Diese Feuchtgebiete galten bei den Siedlern jedoch als nutzlos und gefährlich. "So wurde mit der Zeit immer mehr Schutt von Baustellen auf Feuchtgebiete geschüttet und damit gleichzeitig neues Bauland geschaffen. Das heißt, Teile des Gebiets, auf dem New York City sich heute befindet, waren ursprünglich Feuchtgebiete." 80 Prozent davon seien mittlerweile verloren gegangen.

Feuchtgebiete sind keine Wunderwaffe. Vor Überflutungen und steigenden Wasserständen werden sie die Stadt nicht bewahren. "Maßnahmen wie Feuchtgebiete verringern lediglich die Höhe der Wellen bei einer Überflutung, nicht die Höhe der Überflutung an sich", sagt Geophysiker Klaus Jacob.

Allerdings können Feuchtgebiete die Zerstörungskraft abmildern, mit der die Wellen während eines Sturms auf Land treffen.

Infografik zu Überflutungen in New York nach dem Wirbelsturm Sandy

New York, vor allem Manhattan, gehört zu den teuersten Pflastern der Welt; jeder Quadratmeter der Stadt bedeutet einen möglichen Profit für Investoren. Umso schwieriger ist es, Menschen davon zu überzeugen, dass es nachhaltig sinnvoll ist, manche Gebiete in ihrem ursprünglichen Zustand zu belassen.
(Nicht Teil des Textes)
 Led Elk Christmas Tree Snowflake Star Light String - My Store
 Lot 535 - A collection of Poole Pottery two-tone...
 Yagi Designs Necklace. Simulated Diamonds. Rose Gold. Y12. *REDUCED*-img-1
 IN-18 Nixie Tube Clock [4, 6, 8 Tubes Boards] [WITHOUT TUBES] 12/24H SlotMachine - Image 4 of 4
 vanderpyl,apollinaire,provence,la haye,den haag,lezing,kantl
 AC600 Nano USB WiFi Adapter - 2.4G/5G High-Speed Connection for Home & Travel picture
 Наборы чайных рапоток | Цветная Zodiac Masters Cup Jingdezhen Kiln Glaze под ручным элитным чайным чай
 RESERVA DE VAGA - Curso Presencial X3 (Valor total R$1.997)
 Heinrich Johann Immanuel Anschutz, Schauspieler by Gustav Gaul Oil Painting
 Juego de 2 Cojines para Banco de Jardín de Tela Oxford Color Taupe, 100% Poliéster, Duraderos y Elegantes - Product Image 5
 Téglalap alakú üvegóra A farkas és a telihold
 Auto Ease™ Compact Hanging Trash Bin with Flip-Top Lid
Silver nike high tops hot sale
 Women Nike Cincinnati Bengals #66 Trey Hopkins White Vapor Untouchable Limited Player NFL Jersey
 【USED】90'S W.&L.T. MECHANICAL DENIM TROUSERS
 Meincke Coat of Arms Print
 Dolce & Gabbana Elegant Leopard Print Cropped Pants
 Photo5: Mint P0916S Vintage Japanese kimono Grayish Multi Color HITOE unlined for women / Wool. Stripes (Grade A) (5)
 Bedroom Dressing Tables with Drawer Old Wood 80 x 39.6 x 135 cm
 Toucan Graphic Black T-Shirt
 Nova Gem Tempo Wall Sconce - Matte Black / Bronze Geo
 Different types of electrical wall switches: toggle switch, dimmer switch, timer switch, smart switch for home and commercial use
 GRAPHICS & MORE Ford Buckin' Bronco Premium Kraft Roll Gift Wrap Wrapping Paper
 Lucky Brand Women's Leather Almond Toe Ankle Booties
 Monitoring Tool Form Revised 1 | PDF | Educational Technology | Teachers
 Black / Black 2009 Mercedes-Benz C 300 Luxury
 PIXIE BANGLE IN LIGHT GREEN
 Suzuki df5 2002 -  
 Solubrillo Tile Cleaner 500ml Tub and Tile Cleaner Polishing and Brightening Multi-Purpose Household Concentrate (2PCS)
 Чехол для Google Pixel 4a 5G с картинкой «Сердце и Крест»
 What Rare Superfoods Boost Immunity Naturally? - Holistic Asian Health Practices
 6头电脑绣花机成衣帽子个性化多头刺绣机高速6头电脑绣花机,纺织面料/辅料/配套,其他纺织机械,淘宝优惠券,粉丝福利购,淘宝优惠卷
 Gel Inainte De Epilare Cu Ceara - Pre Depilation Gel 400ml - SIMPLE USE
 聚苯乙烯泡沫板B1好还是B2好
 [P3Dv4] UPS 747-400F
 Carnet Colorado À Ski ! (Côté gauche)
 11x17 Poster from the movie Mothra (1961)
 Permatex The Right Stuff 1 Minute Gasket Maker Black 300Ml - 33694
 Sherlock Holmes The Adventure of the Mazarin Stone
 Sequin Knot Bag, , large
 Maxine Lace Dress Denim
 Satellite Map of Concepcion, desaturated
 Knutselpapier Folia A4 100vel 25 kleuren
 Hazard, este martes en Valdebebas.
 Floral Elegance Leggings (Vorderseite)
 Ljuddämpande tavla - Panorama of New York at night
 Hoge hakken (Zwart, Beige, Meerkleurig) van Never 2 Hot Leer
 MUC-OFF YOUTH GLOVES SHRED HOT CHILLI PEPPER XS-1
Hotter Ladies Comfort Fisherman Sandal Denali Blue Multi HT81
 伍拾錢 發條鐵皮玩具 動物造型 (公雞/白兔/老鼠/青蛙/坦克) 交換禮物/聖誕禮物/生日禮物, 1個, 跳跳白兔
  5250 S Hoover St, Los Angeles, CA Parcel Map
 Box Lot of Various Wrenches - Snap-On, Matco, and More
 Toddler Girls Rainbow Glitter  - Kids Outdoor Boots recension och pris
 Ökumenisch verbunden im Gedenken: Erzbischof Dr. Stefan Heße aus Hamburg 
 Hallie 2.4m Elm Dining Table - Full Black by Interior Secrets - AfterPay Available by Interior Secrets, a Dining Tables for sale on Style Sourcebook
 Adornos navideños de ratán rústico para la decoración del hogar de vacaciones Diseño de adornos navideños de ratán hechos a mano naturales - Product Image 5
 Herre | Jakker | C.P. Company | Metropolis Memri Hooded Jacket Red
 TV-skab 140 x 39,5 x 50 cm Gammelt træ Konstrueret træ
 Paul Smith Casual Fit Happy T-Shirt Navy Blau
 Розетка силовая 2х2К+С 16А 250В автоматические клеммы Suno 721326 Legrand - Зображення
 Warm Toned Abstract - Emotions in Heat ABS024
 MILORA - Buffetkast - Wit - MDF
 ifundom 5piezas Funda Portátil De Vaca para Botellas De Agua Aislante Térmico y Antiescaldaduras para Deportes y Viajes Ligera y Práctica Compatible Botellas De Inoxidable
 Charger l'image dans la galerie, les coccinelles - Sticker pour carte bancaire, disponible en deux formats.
Trotzdem hat die Stadt bis jetzt über 36 Hektar Feuchtgebiete renaturiert. Und Feuchtgebiete seien mehr als nur ein Puffer, der die Einschlagskraft von Wellen abmildern kann, sagt Marit Larson; sie seien gleichfalls wichtig für das Ökosystem der Stadt und böten den Bewohnern der Stadt Rückzugsgebiete.  

Sandy hat Menschen die Augen geöffnet

"Auch in Sunset Park wird jetzt ein erstes Feuchtgebiet renaturiert", erzählt Stadtplaner Eddia Bautista nach seinem Vortrag beim Community-Treffen in Brooklyn, "aber ohne die Initiative von der Organisation Uprose wäre das nie passiert."

Vom Flachdach des Reihenhauses, in dem Uprose sein Büro hat, kann man die Freiheitsstatue und die Skyline von Manhattan sehen. Davor spiegelt sich die Industrie am Ufer von Sunset Park im Wasser.

"Ich glaube, dass Sandy vielen Menschen die Augen für Umweltbelange geöffnet hat", sagt Aktivist Murad Awawdeh. "Wir New Yorker denken immer, wir sind stark, uns kann nichts etwas anhaben. Aber das ändert sich jetzt."